WEST AFRICA – The African Development Bank (AfDB) has approved loans to Gambia, Côte d’Ivoire, and Sierra Leone to scale up food production.
The African Development Bank Group, has approved a grant of US$2 million to boost food production in Sierra Leone, with a focus on the production, harvesting and marketing of rice.
The Ministry of Agriculture will provide smart subsidies to 67,000 smallholder farmers to reduce the cost of certified rice seeds and fertilizers. The project will be rolled out through the established e-wallet input distribution system over two cropping seasons, beginning in 2022.
The program will also benefit rice value chain actors and support the government of Sierra Leone to improve the regulatory environment in order to achieve climate-resilient agricultural development.
By the end of March 2023, the government expects to distribute 1,000 metric tons of subsidized fertilizers and 1,675 metric tons of subsidized seeds. An additional 5,862 metric tons of rice is expected.
The AfDB has also approved a grant of US$3.5 million as additional financing for a rice value chain transformation project in Gambia.
The project targets the production, processing, and marketing of rice in the Gambia, as well as reducing imports, with the goal of improving farm incomes, rural livelihoods, food and nutrition security in the country.

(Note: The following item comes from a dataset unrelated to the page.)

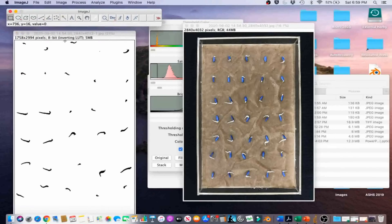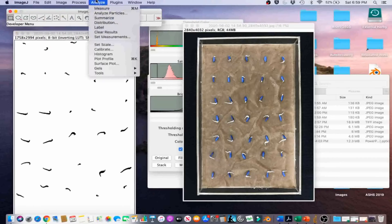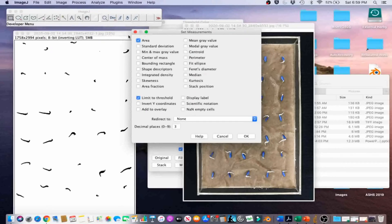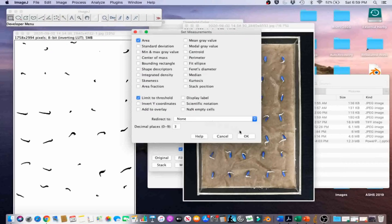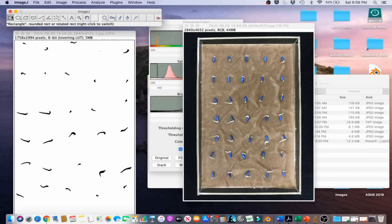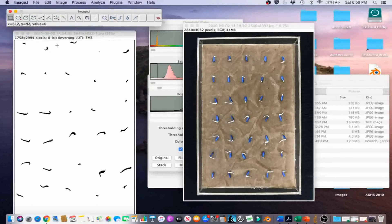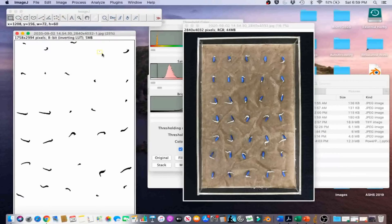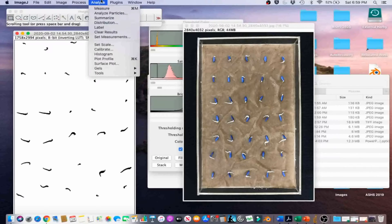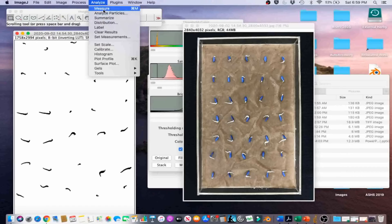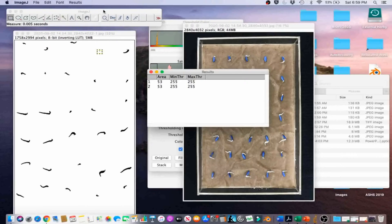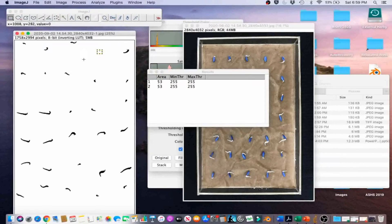We're going to have to go to Analyze and Set Measurements and select Area and Limit to Threshold. Go ahead and click on OK. Then we're going to select the Rectangle tool again, and we're going to select the area of the smallest emerged radical, which is right here. Then we're going to go to Analyze and Measure, and we can also do Ctrl-M to measure the radical area.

The additional financing will focus on providing subsidized inputs as well as policy reforms destined to scale up food production. This includes providing climate-resilient inputs at subsidized rates to smallholder farmers and enhancing the existing farmers’ registration database for smart delivery of subsidies and targeted extension services.
Côte d’Ivoire has also been granted a loan of €151.18 million to implement its Emergency Food Production Plan. The plan is also supported by the Japanese International Cooperation Agency (JICA) to the tune of €68.14 million. This funding will enable Côte d’Ivoire to increase its national production of rice, maize and cassava, to cope with soaring food prices.
Certified climate-resilient hybrid seed varieties will be obtained from local seed producers and distributed to the country’s farmers. The programme will also offer support for supervisory opportunities, access to information and the establishment of an agro-climatic early warning system in flood-prone areas.
The programme will also strengthen access to financing mechanisms to improve the accessibility of agricultural inputs and good farming practices through its dissemination services. In 2023, thanks to this project, Côte d’Ivoire should produce up to 546,987 additional tonnes of maize, 796,323 more tonnes of rice and 1 million more tonnes of cassava.
These loans are part of a US$1.5 billion African Emergency Food Production Facility loan facility approved by the Afdb to provide quality wheat, rice, maize and soya seeds, fertilisers and other support services to around 20 million producers across Africa. The aim is to produce 38 million additional tonnes of food, valued at US$12 billion, over the next two years.